» DESCRIPTION OF THE TASK
Your output should be exactly the lines from the one containing "Before and after: RF Microneedling Course" through the final line of the following data, please, with no pictures.

» LISTED RECORDS
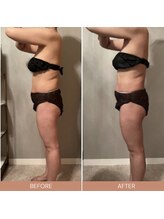 リファラ 光の森店(REFALA)/【痩身/40代女性】約3ヶ月の結果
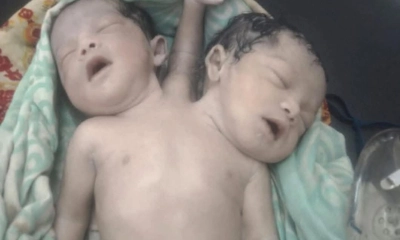 নওগাঁয় ২ মাথা ৩ হাতওয়ালা শিশুর জন্ম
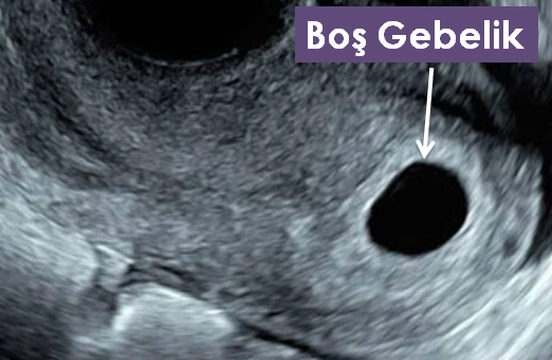 Boş Gebelik Nedir?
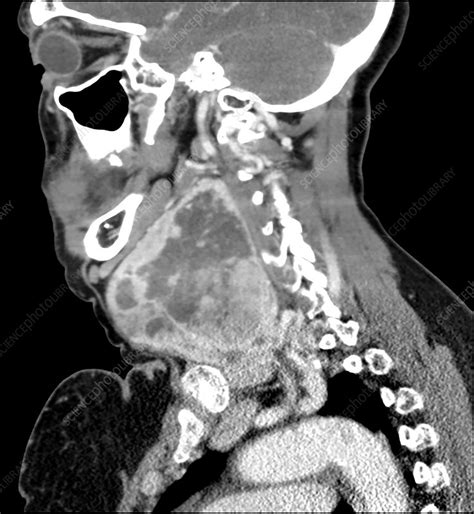 Large Thyroid Goiter Ct Stock Image C0365229 Science Photo Library
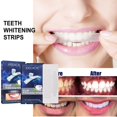 thumbnail image 2 of Whitening teeth strips care teeth strips stains white teeth whitening clean tartar tooth stains smoke teeth brighten 1, 2 of 3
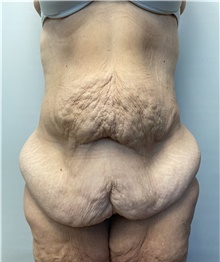Panniculectomy Before Photo by Owen Reid, MD; Vancouver, BC - Case 47952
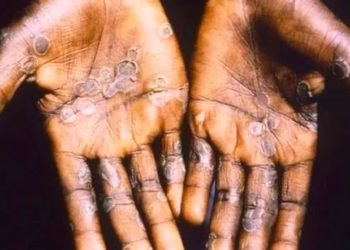 Pasien yang terkena virus cacar monyet.(Foto: CDC Public Health Image Library) (ant)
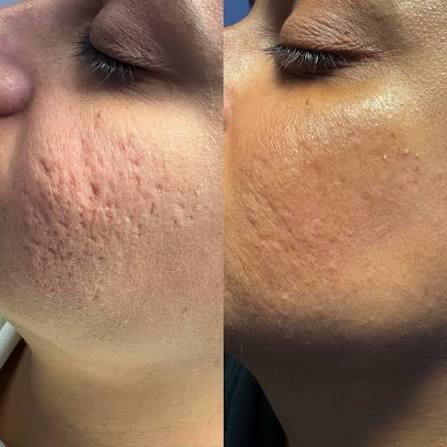 Before and after: RF Microneedling Course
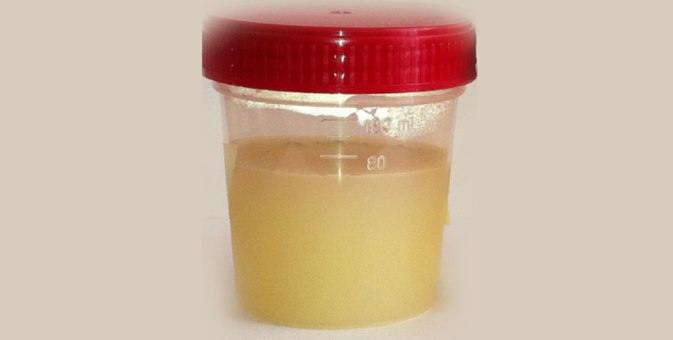 milky-white-urine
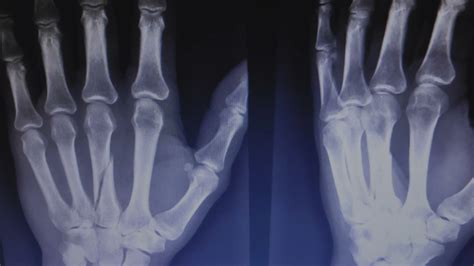 Xray Broken Hand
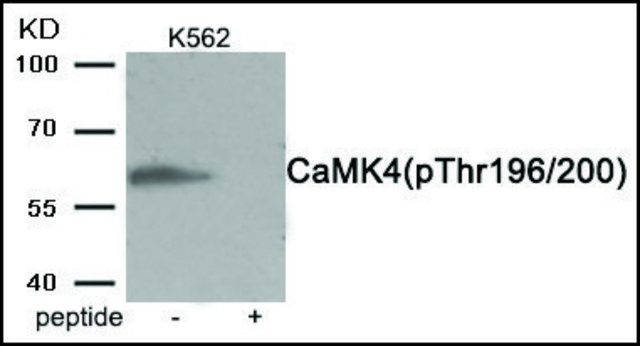 Anti-phospho-CaMK4 (pThr196/200) antibody produced in rabbit affinity isolated antibody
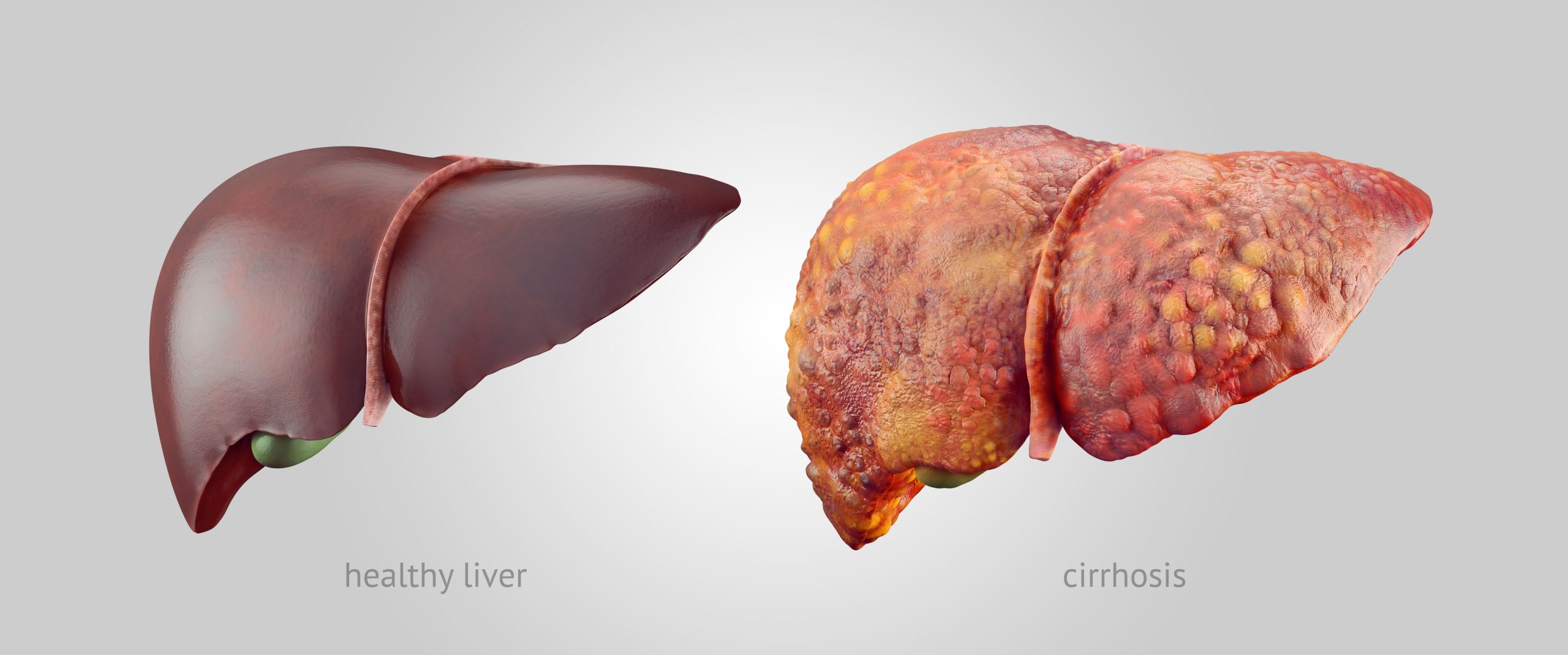 Cirrhosis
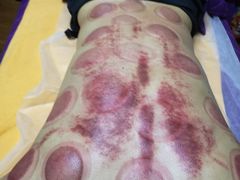 -沈师傅盲人按摩工作室(密三小区店)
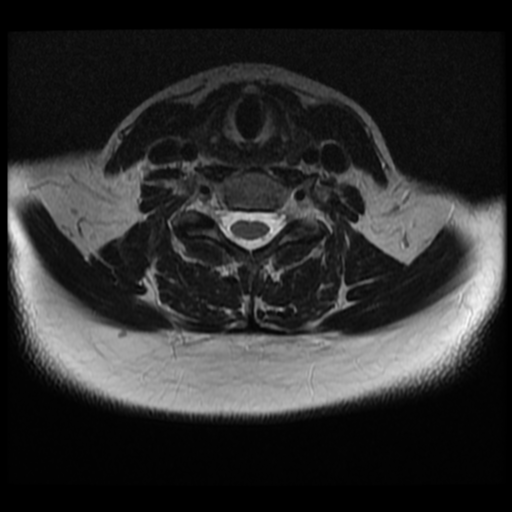 File:Normal cervical and thoracic spine MRI (Radiopaedia 35630-37156 Axial T2 14).png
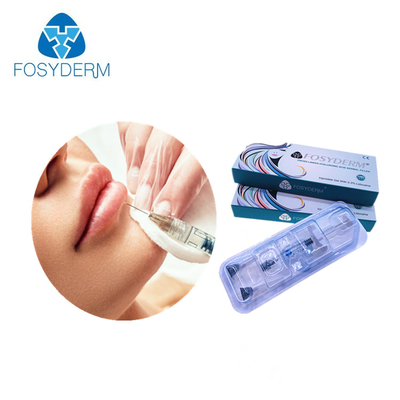 Hyaluronic όξινο υλικό πληρώσεως νατρίου πηκτωμάτων για το χείλι εκχύσιμο 1.1ml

» TASK RESULT
 Before and after: RF Microneedling Course
 milky-white-urine
 Xray Broken Hand
 Anti-phospho-CaMK4 (pThr196/200) antibody produced in rabbit affinity isolated antibody
 Cirrhosis
 -沈师傅盲人按摩工作室(密三小区店)
 File:Normal cervical and thoracic spine MRI (Radiopaedia 35630-37156 Axial T2 14).png
 Hyaluronic όξινο υλικό πληρώσεως νατρίου πηκτωμάτων για το χείλι εκχύσιμο 1.1ml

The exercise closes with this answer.